INSTRUCTIONS TO FOLLOW: When a line below contains the word "Steel", copy that line.

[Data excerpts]
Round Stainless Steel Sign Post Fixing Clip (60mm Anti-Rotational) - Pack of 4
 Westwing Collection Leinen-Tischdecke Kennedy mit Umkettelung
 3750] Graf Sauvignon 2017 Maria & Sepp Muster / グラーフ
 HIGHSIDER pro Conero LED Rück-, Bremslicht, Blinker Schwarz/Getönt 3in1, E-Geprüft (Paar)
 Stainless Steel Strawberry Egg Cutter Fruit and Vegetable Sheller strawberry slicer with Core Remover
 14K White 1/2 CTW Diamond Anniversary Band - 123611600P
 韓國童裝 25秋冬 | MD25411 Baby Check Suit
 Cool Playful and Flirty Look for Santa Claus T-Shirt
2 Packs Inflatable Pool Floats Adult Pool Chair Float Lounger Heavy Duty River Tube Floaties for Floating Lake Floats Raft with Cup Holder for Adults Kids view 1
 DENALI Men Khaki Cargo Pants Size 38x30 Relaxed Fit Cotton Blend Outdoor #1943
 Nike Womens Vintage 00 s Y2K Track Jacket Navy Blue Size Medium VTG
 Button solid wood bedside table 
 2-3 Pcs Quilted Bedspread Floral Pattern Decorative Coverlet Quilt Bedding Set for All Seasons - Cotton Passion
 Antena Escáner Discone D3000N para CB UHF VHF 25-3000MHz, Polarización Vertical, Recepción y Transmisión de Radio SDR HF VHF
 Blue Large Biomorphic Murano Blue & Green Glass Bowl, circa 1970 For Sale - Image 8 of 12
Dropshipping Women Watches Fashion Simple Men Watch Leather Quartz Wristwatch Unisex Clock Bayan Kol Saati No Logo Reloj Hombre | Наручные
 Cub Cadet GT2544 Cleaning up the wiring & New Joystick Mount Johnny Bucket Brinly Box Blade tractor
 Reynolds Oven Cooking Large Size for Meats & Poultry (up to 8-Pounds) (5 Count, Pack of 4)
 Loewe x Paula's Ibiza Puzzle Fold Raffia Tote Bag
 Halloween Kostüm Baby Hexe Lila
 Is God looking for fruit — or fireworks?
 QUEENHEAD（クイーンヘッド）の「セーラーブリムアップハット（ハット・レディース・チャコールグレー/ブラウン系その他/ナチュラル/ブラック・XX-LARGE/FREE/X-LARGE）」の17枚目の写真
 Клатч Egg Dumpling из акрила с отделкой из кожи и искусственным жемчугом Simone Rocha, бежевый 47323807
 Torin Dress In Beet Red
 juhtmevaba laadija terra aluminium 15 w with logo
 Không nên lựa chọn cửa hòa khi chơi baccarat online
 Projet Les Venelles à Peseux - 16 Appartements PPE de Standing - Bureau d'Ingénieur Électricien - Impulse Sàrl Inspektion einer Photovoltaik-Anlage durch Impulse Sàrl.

RESPONSE BOX:
Round Stainless Steel Sign Post Fixing Clip (60mm Anti-Rotational) - Pack of 4
 Stainless Steel Strawberry Egg Cutter Fruit and Vegetable Sheller strawberry slicer with Core Remover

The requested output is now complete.